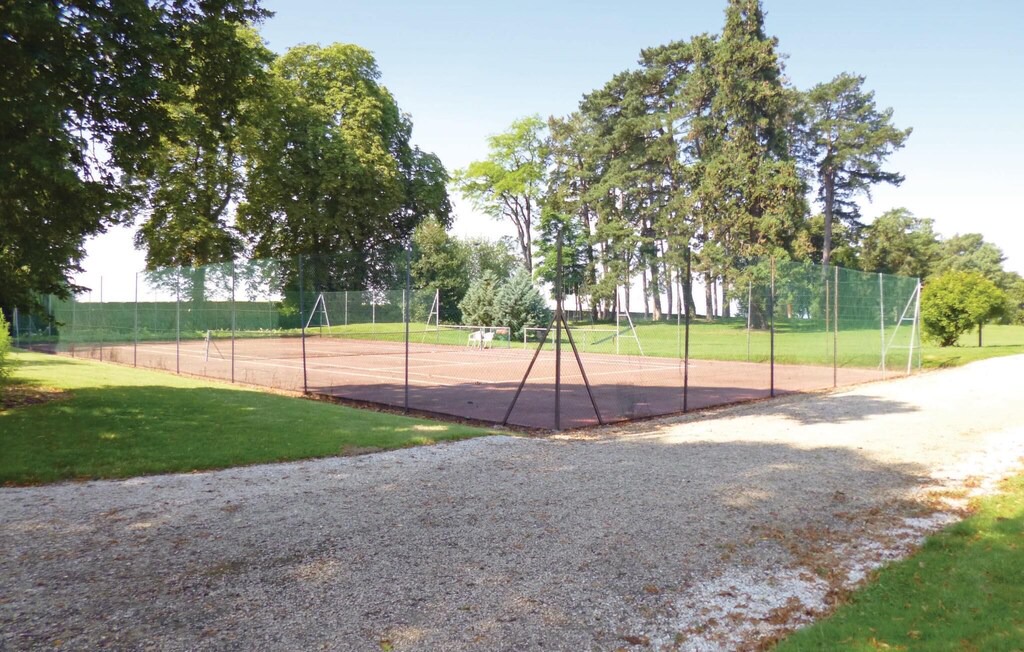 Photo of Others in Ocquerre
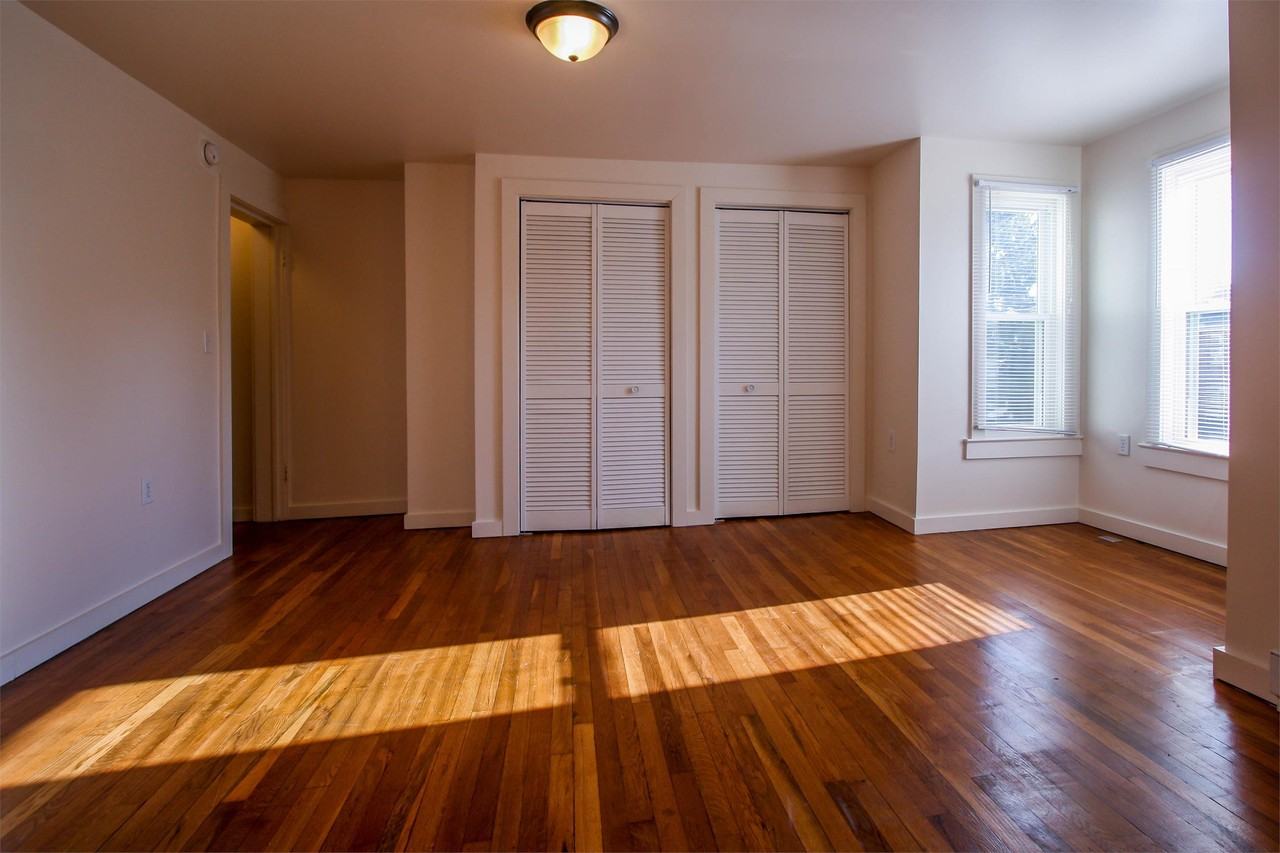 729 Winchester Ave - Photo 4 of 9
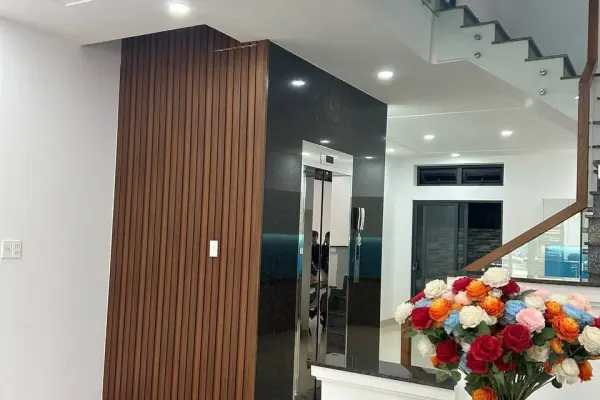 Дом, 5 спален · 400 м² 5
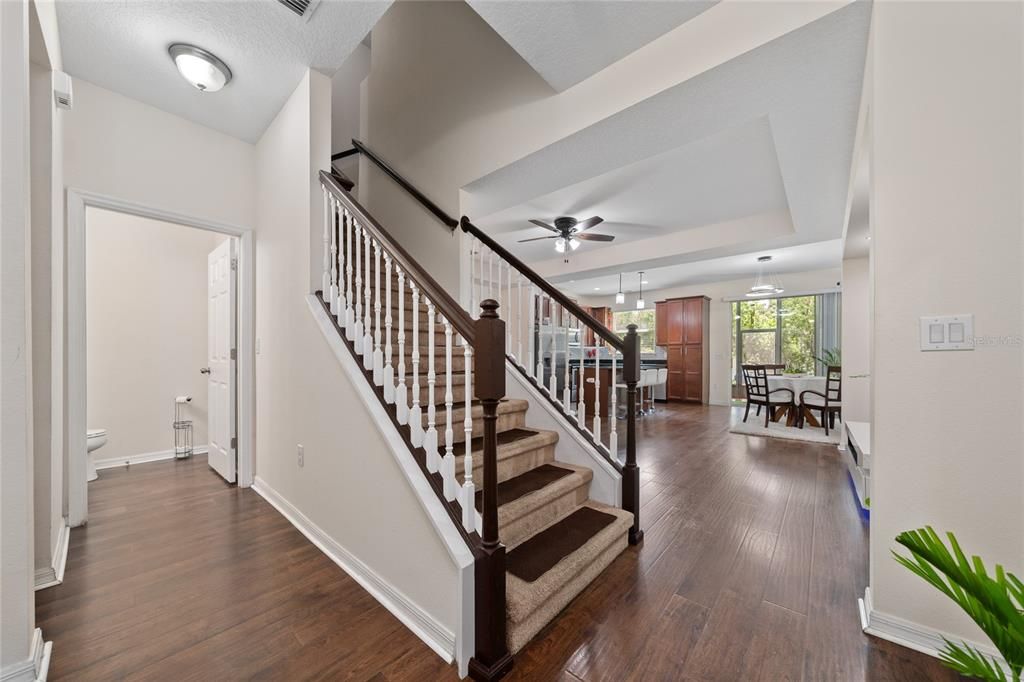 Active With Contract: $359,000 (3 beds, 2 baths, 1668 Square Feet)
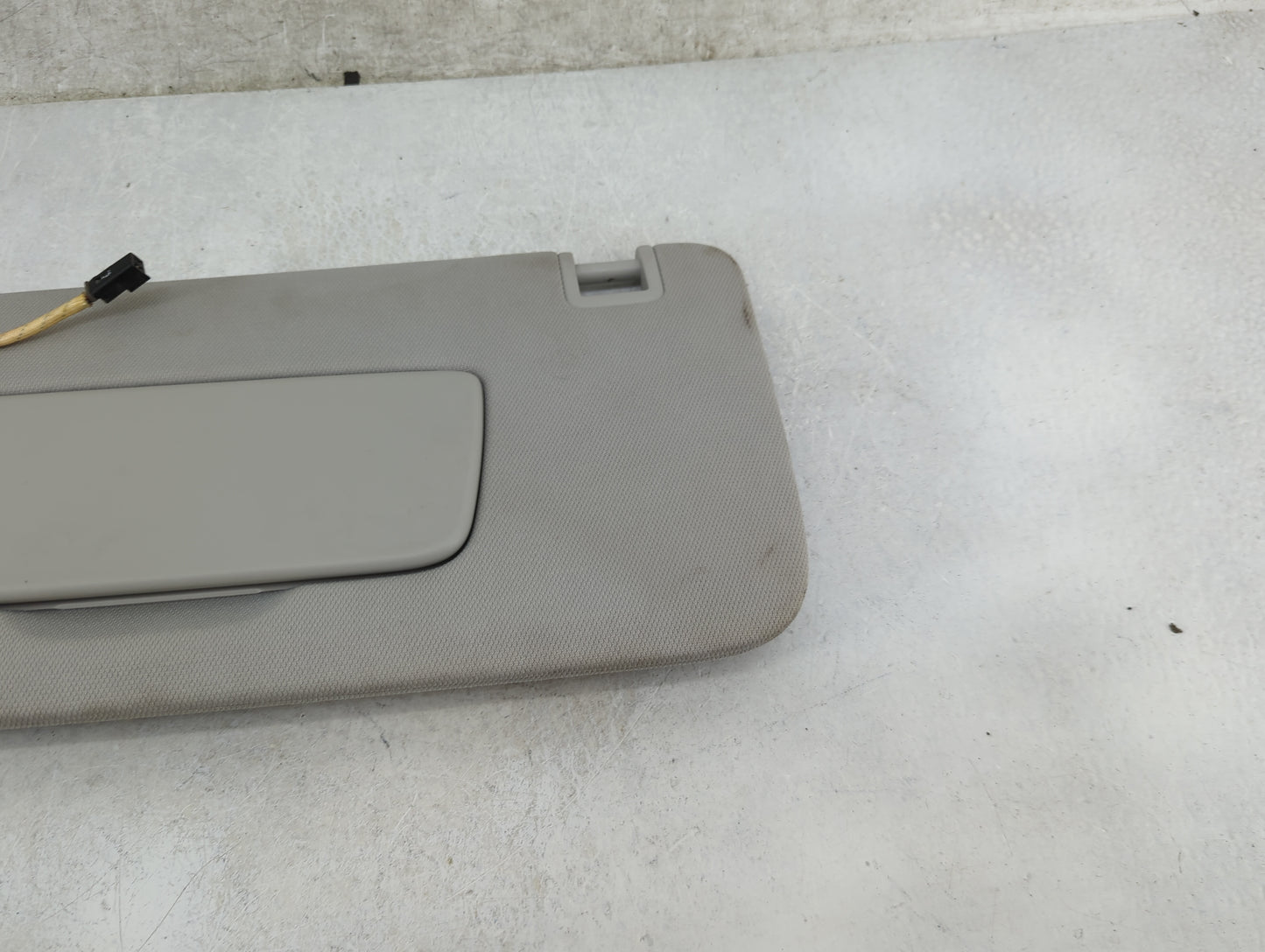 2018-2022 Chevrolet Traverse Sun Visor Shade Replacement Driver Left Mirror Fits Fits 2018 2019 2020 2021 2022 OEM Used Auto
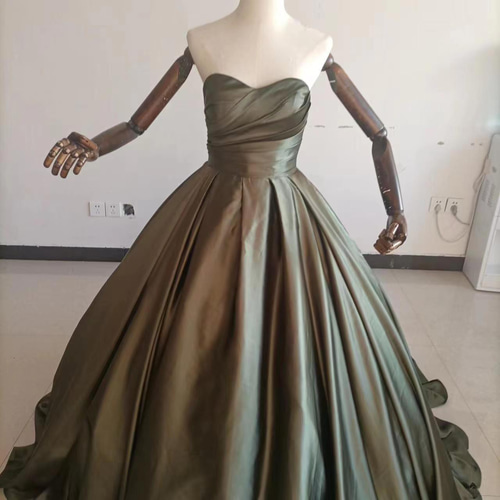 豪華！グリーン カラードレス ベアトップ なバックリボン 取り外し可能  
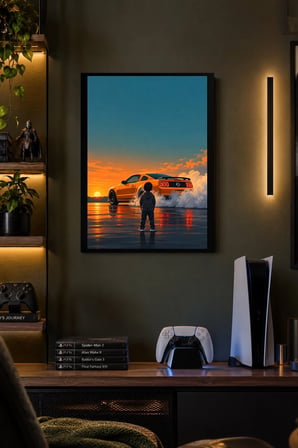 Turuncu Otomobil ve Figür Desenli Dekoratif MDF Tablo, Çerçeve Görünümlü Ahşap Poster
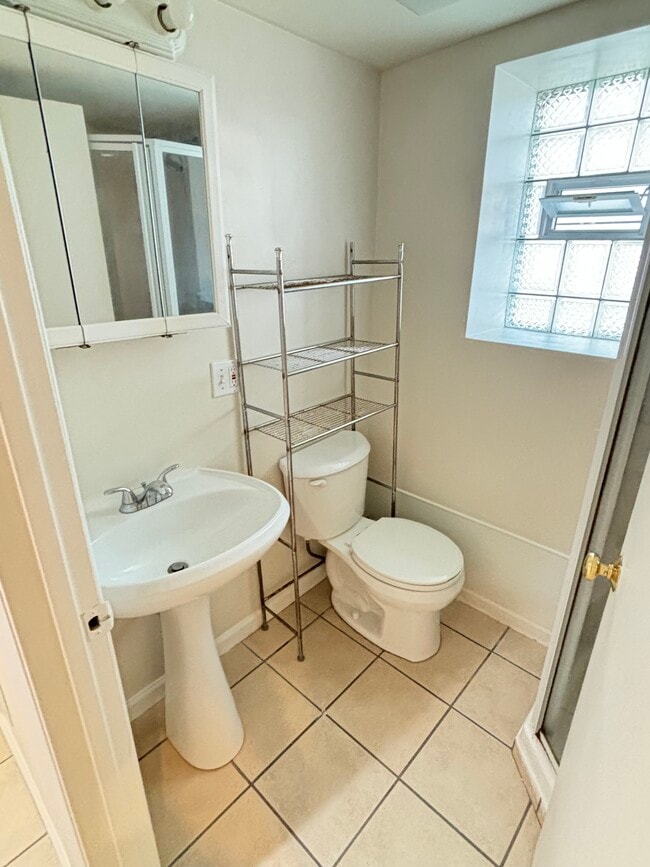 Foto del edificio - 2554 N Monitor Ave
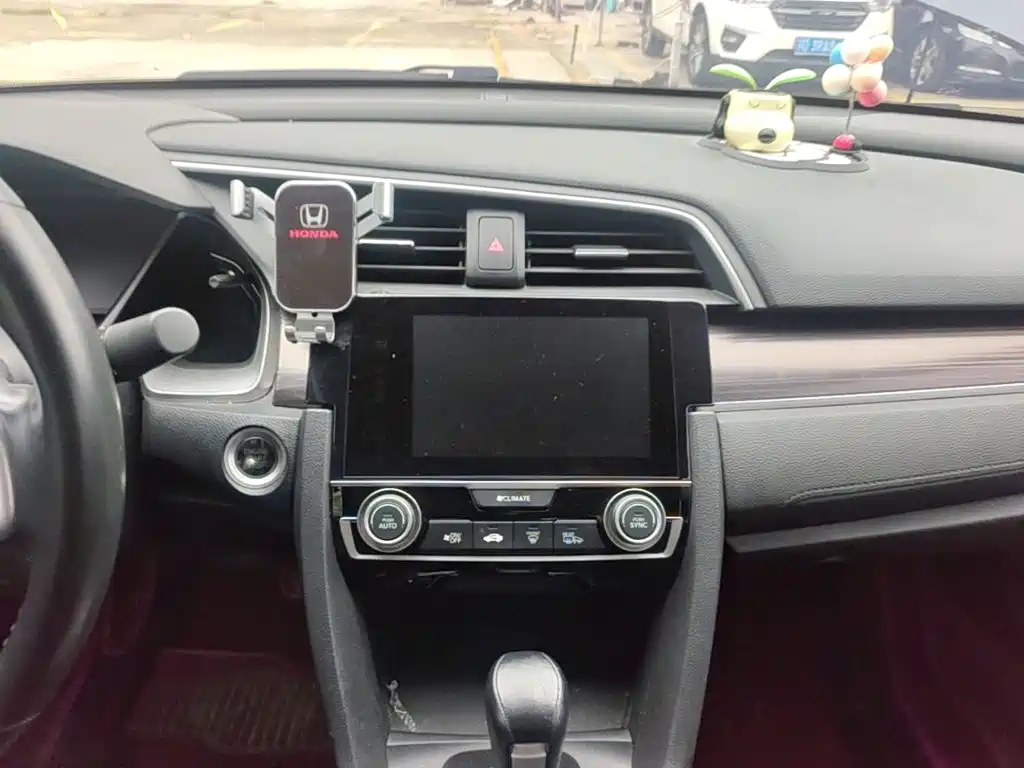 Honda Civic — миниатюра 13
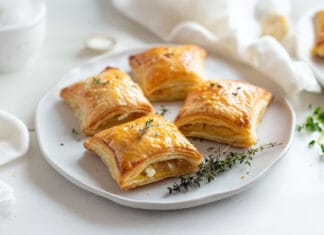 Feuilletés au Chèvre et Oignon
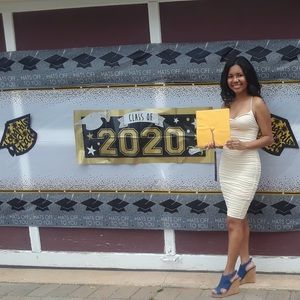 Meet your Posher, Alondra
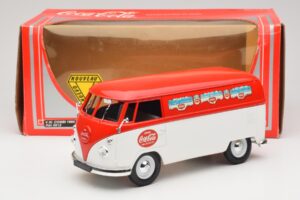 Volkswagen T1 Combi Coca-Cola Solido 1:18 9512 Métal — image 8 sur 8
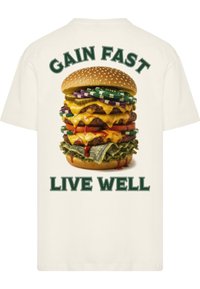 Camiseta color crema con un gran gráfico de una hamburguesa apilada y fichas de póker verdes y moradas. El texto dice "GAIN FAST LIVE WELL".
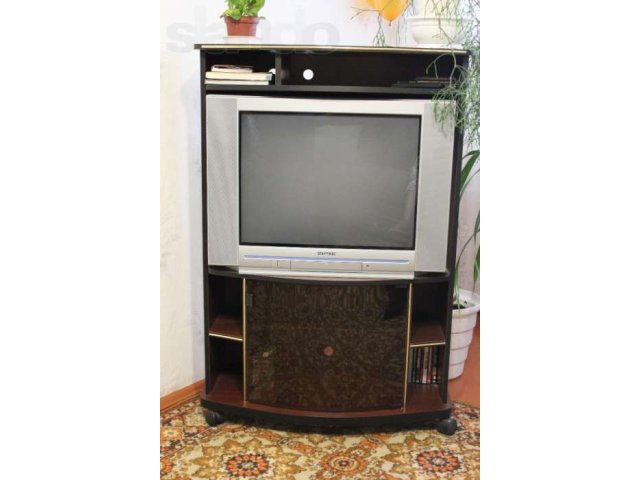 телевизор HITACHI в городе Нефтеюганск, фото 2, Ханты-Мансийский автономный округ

TASK STATEMENT
I'd like the lines above repeated exactly, from the one that contains "Foto del edificio - 2554 N Monitor Ave" through the one that contains "Camiseta color crema", with no pictures.

EXERCISE RESULT
 Foto del edificio - 2554 N Monitor Ave
 Honda Civic — миниатюра 13
 Feuilletés au Chèvre et Oignon
 Meet your Posher, Alondra
 Volkswagen T1 Combi Coca-Cola Solido 1:18 9512 Métal — image 8 sur 8
 Camiseta color crema con un gran gráfico de una hamburguesa apilada y fichas de póker verdes y moradas. El texto dice "GAIN FAST LIVE WELL".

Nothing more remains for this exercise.